The specifying unit includes a pitch of a second musical note following the first musical note in the musical score data and a pitch of a musical note following the first musical note recognized in the musical note data. The first performance sound corresponding to the first musical score sound is determined to have ended when a period in which the degree of coincidence does not exceed a threshold value has passed a predetermined time period. The information processing apparatus according to any one of items.

The specifying unit determines that a predetermined number of times continues when a period in which the degree of coincidence between the pitch of the second musical score sound and the pitch of the performance sound following the first performance sound does not exceed a threshold has passed a predetermined number of times.

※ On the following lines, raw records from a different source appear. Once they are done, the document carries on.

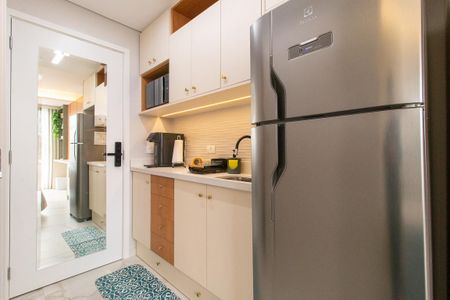 Cozinha - Armários de kitnet/studio para alugar com 1 quarto, 20m² em Centro, Curitiba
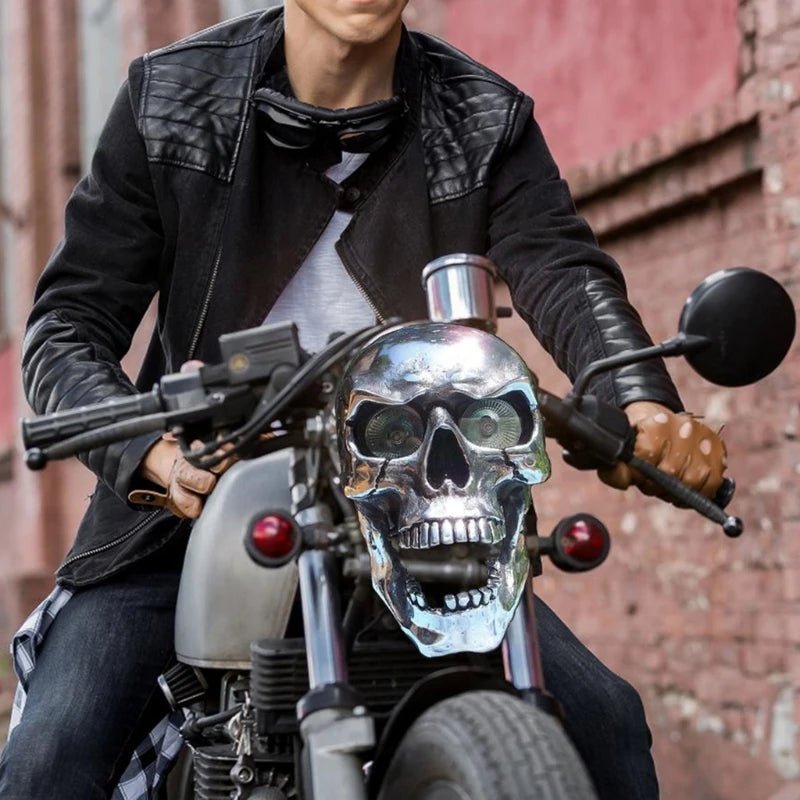 LED-Motorrad-Totenkopflampe mit einzigartigem Augenleuchten und Chrom-Finish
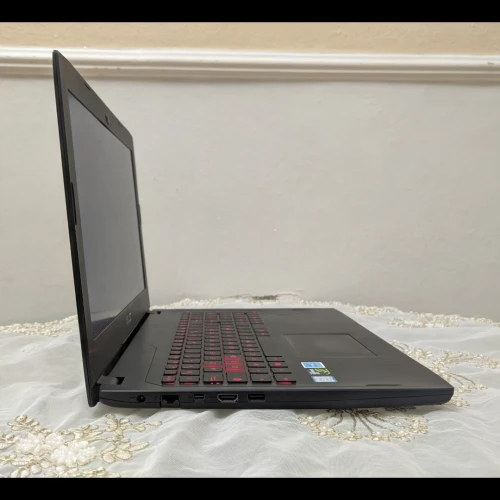 ASUS - GTX 1060 - i7 7700hq - 16 Gb Ram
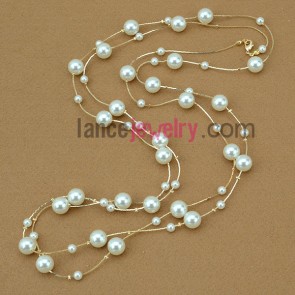 Trendy hand-made imitation pearl & metal chain ornate strand necklace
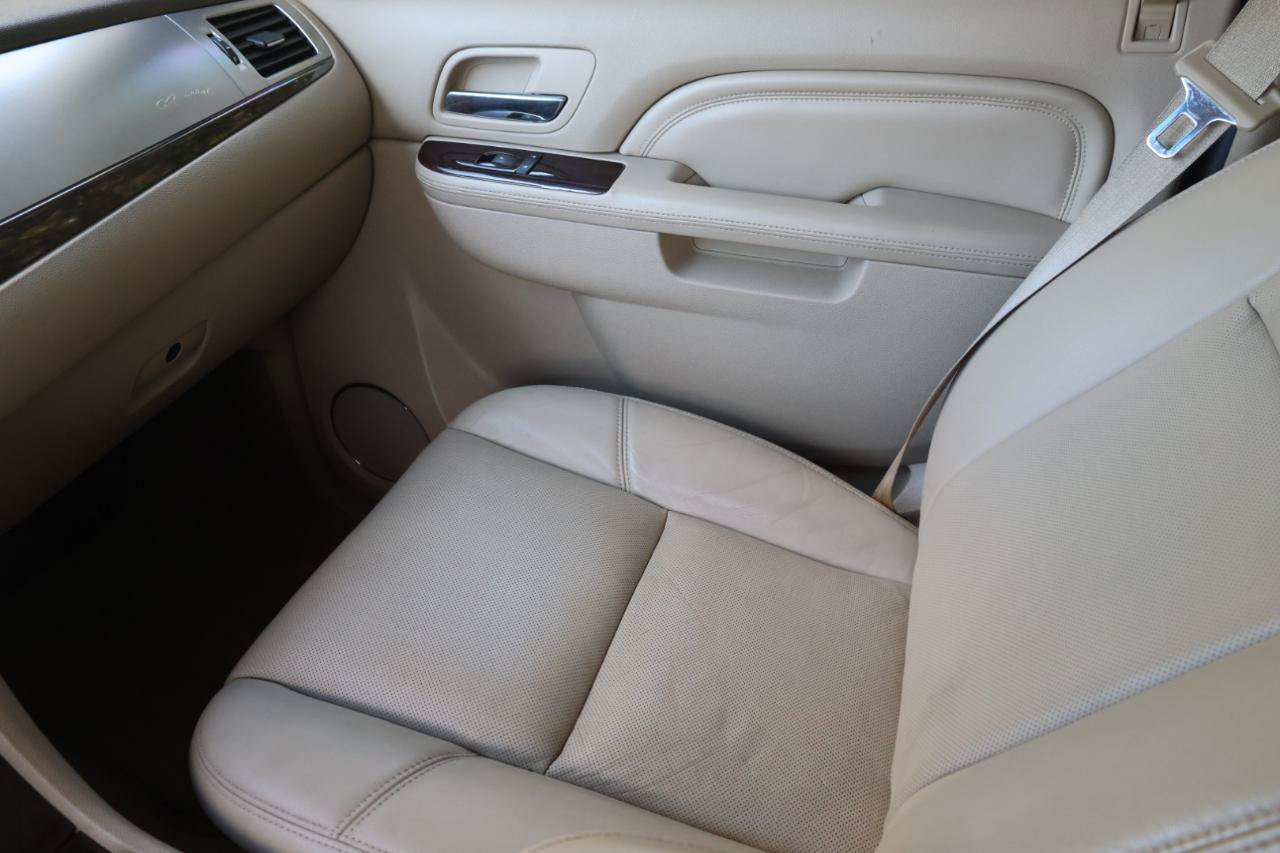 Used 2012 Cadillac Escalade ESV Premium AWD/4WD image 13
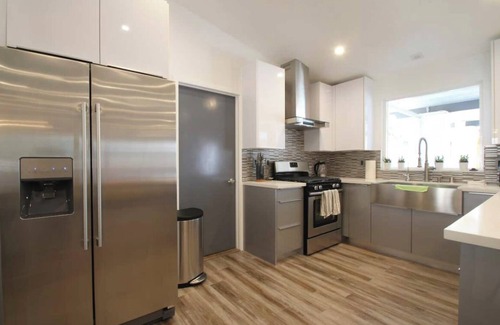 Sunrise Vista Chino Casa | 4 Bedroom Modern Home, Pool+Spa+Guest House!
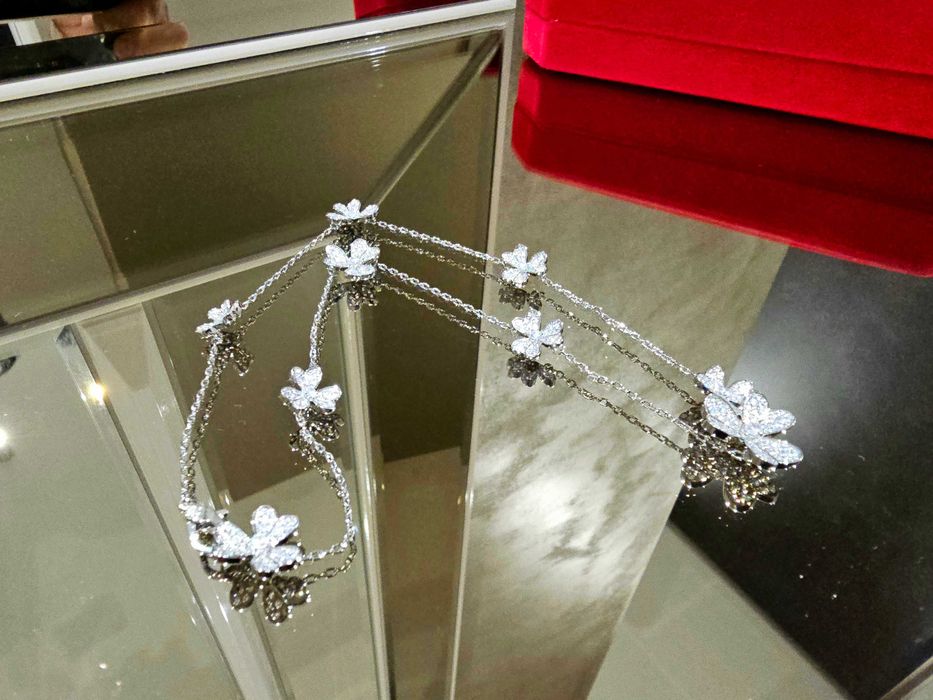 Van Cleef & Arpels VCA Silver Diamond 9 Flowers Frivole Дамско Колие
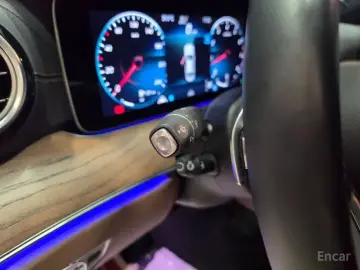2022 Mercedes-Benz E-Класс с пробегом 49 157 км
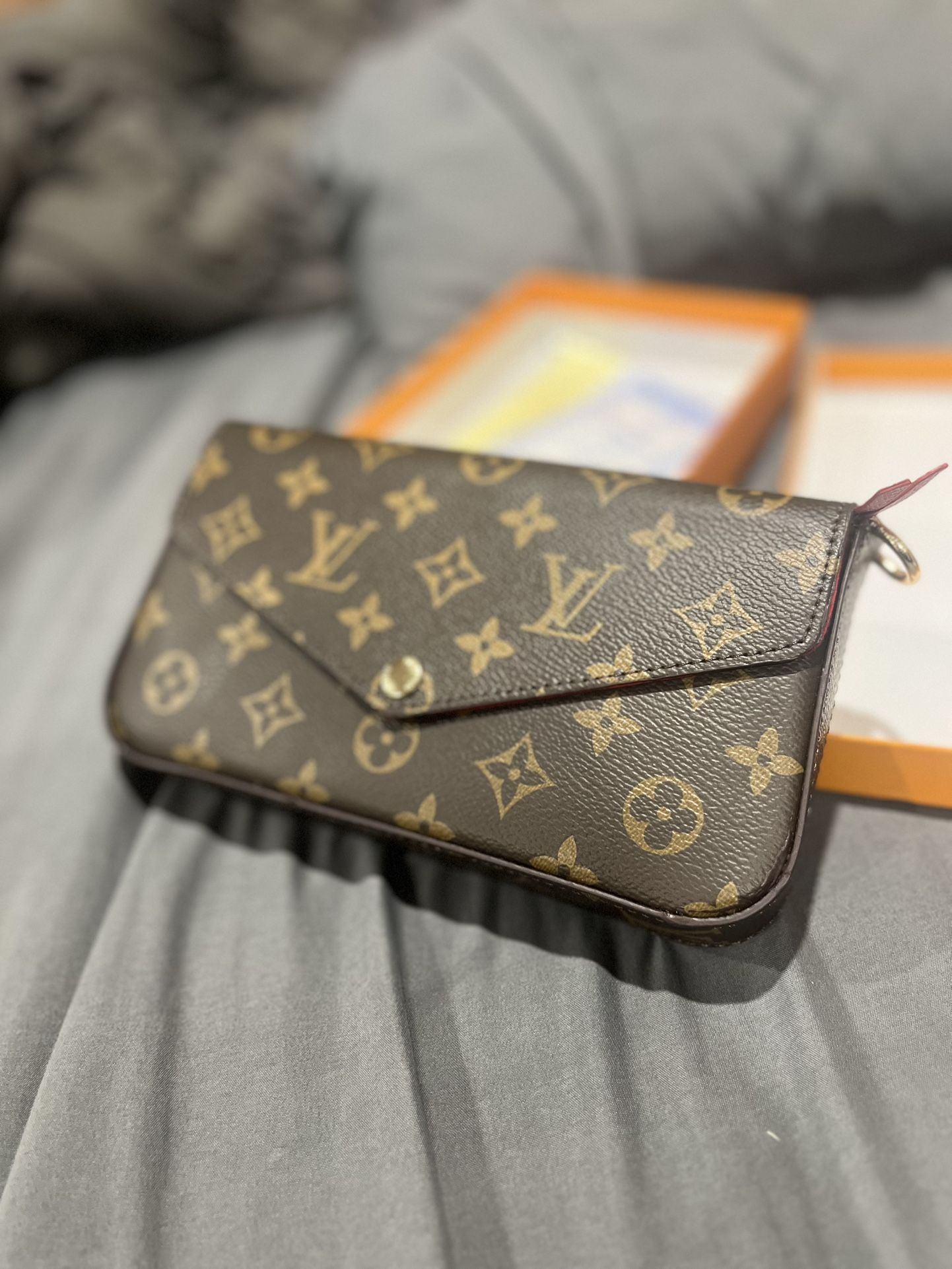 Women’s Luxury Wallet Red Inside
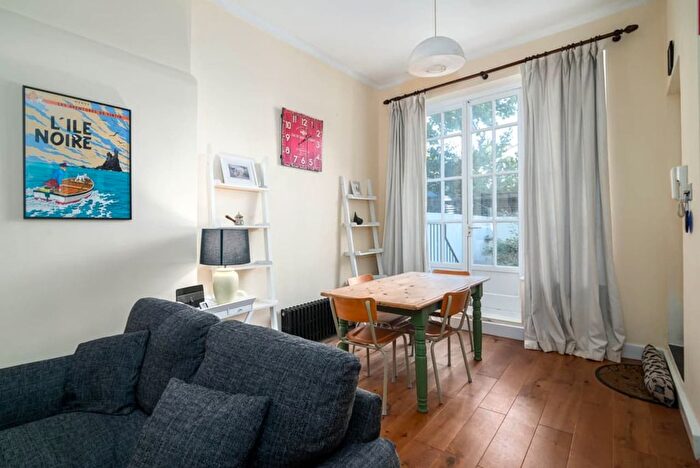 2 Bedroom Flat To Rent In B John Ruskin Street, London Pq, Uk, London, SE5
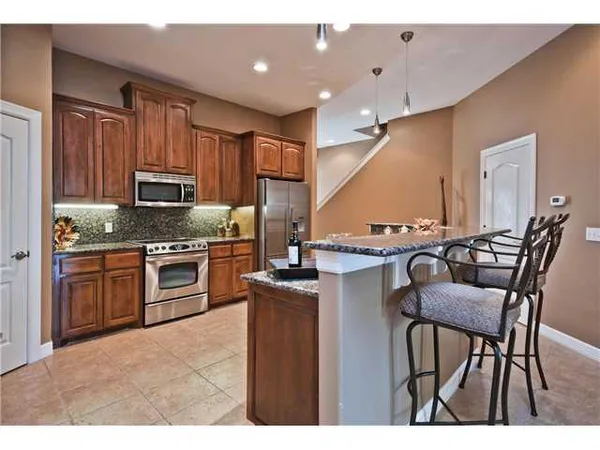 $2,295 | 9122 Balcones Club Drive, Unit 6, Austin, TX 78750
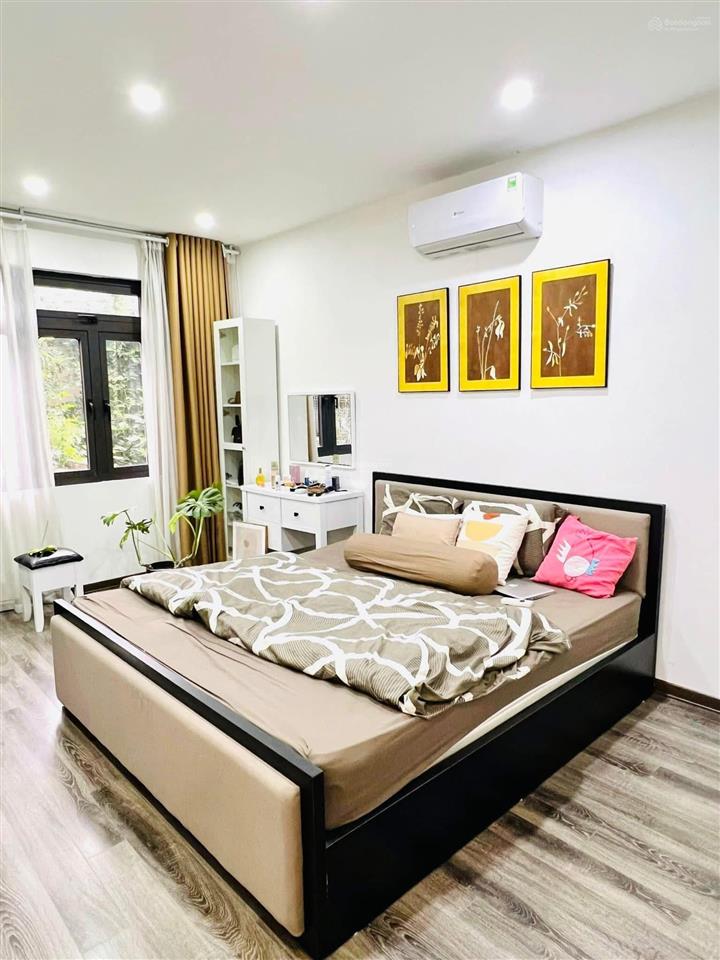 5,6 tỷ  1 nhà ra mặt phố, kd sầm uất, mặt tiền khủng 6,3m, ba gác phi thông vòng quanh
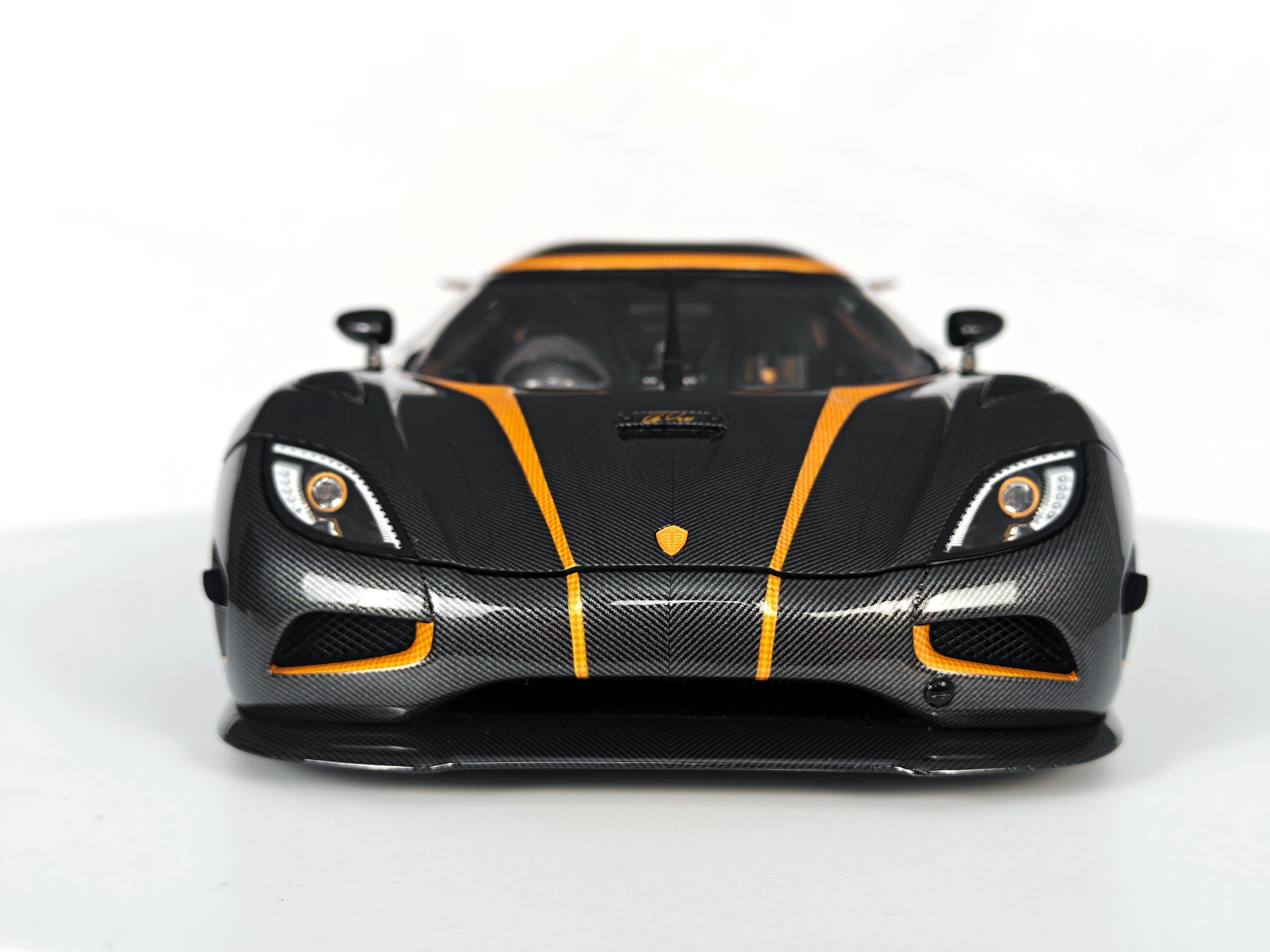 Koenigsegg Agera S - Hundra carbon gold OPEN PARTS - 1:18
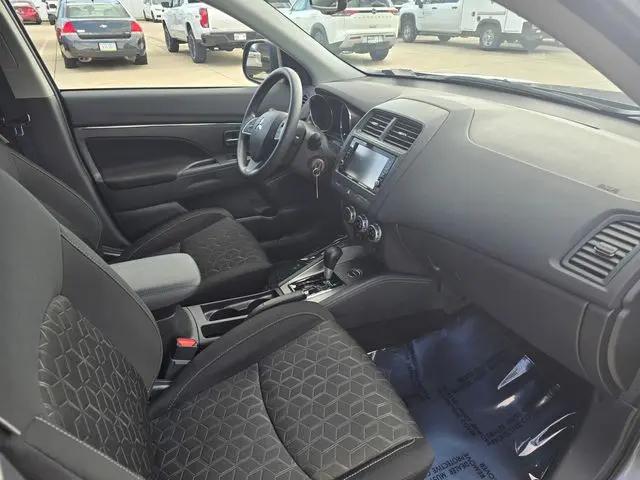 2025 Mitsubishi Outlander Sport 2.0 ES AWC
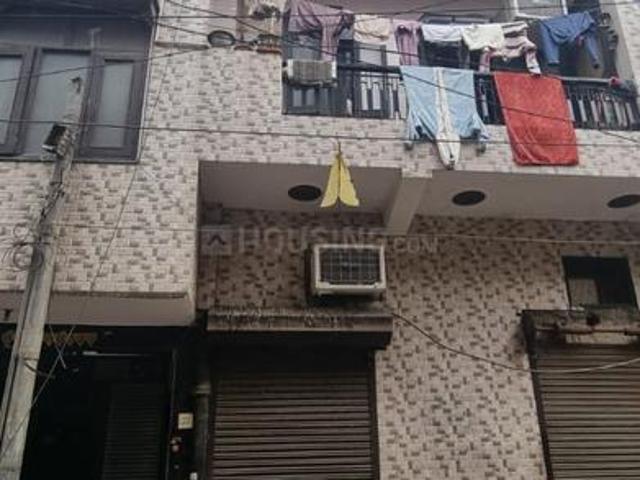 6 BHK Independent House in Tri Nagar for resale New Delhi. The reference number is 14674671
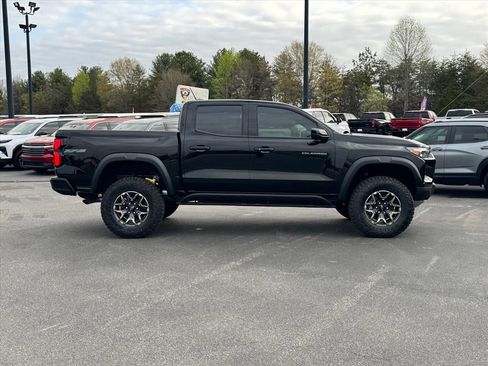 New 2026 Chevrolet Colorado ZR2 AWD/4WD image 2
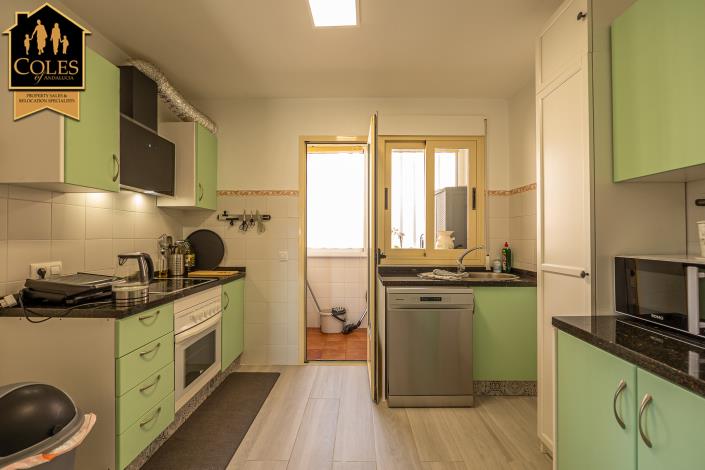 Image No.13-3 Bed Townhouse for sale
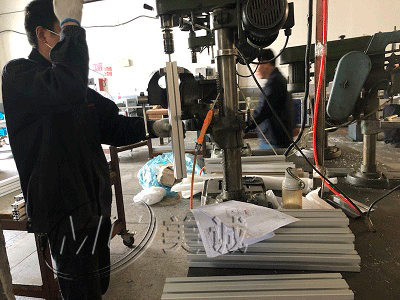 工業(yè)鋁型材廠家哪家好？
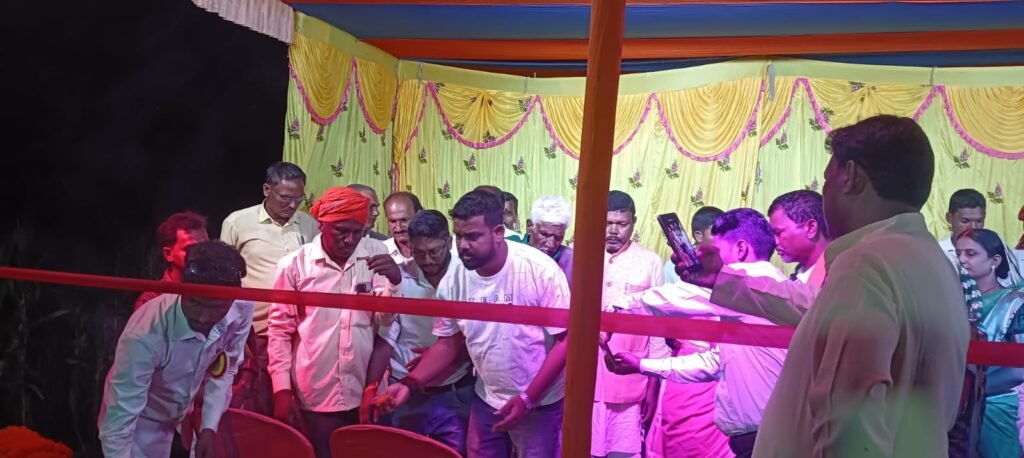 नवरात्रि के शुभ अवसर पर ग्राम बंदुआ में किया गया चार दिवसीय रंगारंग कार्यक्रम का शुभारंभ नवरात्रि के शुभ अवसर पर ग्राम बंदुआ में किया गया चार दिवसीय रंगारंग कार्यक्रम का शुभारंभ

By comparing a combination of pitches of a plurality of musical score sounds that are temporally continuous in the musical score data with a combination of pitches of a plurality of musical performance sounds that are continuously recognized in time in the musical performance sound data, 9. The information processing apparatus according to claim 8, wherein the correspondence relationship between the musical score sound and the performance sound is specified.

Computer,
A recognition unit that recognizes the pitch of the performance sound in the performance sound data indicating the collected performance sound,
A specifying unit that specifies a correspondence relationship between the score sound and the performance sound based on the degree of coincidence between the pitch of the score sound indicated by the score data and the pitch of the performance sound recognized in the performance sound data by the recognition unit. If the degree of coincidence between the pitch of the first musical note sound included in the musical score data and the pitch of the musical performance sound recognized in the musical performance data exceeds a threshold, the first musical score A start timing of a first performance sound corresponding to a note is specified, and a pitch of a second music sound following the first music sound in the music score data and the first pitch recognized in the performance sound data. To function as a specifying unit that specifies the end timing of the first performance sound corresponding to the first musical score sound when the degree of coincidence with the pitch of the performance sound following the performance sound exceeds a threshold value. Program of.